ABCNEWS Journalists Report From Gulf

ByABC News
April 3, 2003, 12:50 AM

April 2 -- Troops continue to surround Baghdad in anticipation for a showdown with the Iraqi Republican Guard. The times on the following dispatches from ABCNEWS correspondents are all approximate.

Ted Koppel, with the 3rd Infantry Division seizing a bridge 20 miles from Baghdad7 p.m. ET, 4 a.m. Thursday Iraq

After breaking through the Karbala Gap under cover of a devastating blanket of multiple-launch rockets, elements of the 3rd drove towards the Euphrates river, leaving a trail of burned out Iraqi vehicles. After hitting the far side of the bridge with rockets, artillery, cluster bombs, and the withering fire of low-flying Apache helicopters, an armored company drove its M-1 tanks and Bradleys across the Euphrates. Contact with the enemy lasted hours after the bridge had already fallen. But the expected heavy resistance from Republican Guard divisions never materialized.

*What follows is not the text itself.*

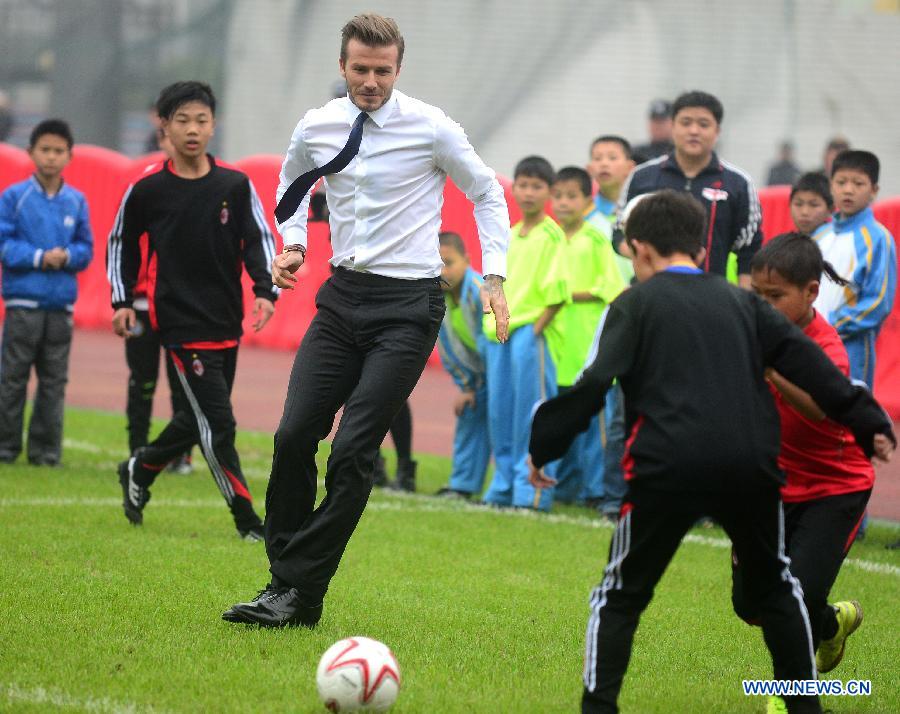 Football superstar, ambassador for the Chinese Super League (CSL) and the Youth Football Program, David Beckham (C) plays football with young players at Hankou recreation and sports center in Wuhan, capital of central China's Hubei Province, March 23, 2013. (Xinhua/Cheng Min)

Richard Engel, Baghdad7 p.m. ET, 4 a.m. Thursday Iraq

Walking through the streets of Baghdad today, it's clear that this war is not popular. I ask this man if he thinks the war is about liberating him from Saddam's brutal regime. "Liberation?" he asked me. "Who asked for America to liberate us?" We were interrupted by a pair of jets streaking overhead, their smoke trails visible against a backdrop of thick black smoke from oil fires.

People here are only told by their government that the war is a seemingly inexhaustible series of Iraqi military victories. [They] hardly seem to notice that some coalition [forces] are now only miles from the city. And those who may want to take a stand against the regime are kept silent by the thousands of armed men from Saddam's ruling Baath Party who are watching for any sign of coalition troops or civil unrest.

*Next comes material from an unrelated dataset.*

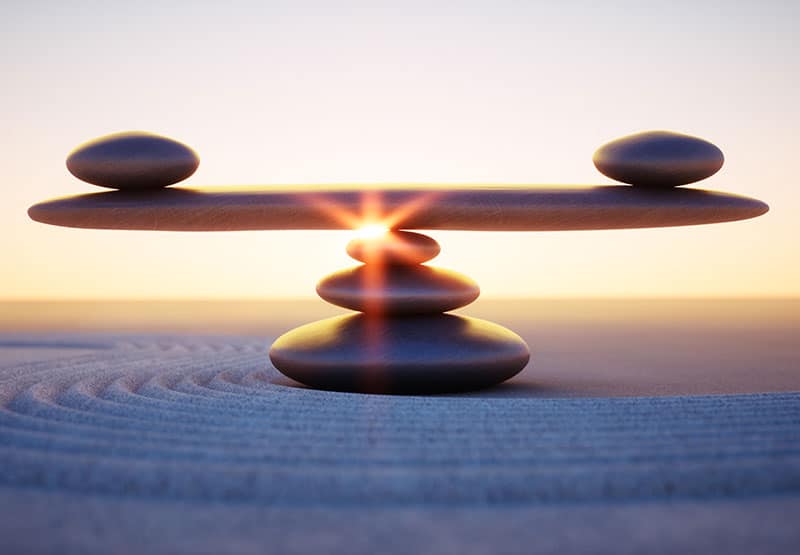 Steine an einem Stand, die zu drit zu einem kleinen Turm gelegt sind, auf dem ein großer flacher Stein ruht. Auf diesem ruhen an jedem Ende ein weiterer, flacher Stein als Symbol der Balance.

Don Dahler, with the 101st Airborne Division, near Najaf, Iraq7 p.m. ET, 4 a.m. Thursday Iraq

The 101st Airborne entered Najaf with the aim of clearing out paramilitary fighters loyal to Saddam Hussein. Whenever the 101st's scout teams spotted armed Iraqis, mortar fire was called in. Many other residents seemed eager to help, in one case warning of "car bombs" on a bridge. They turned out to be landmines, about 40 of them. The mined bridge slowed the progress of one of the division's battalions, but only briefly. Then the sweep to the city center began in earnest.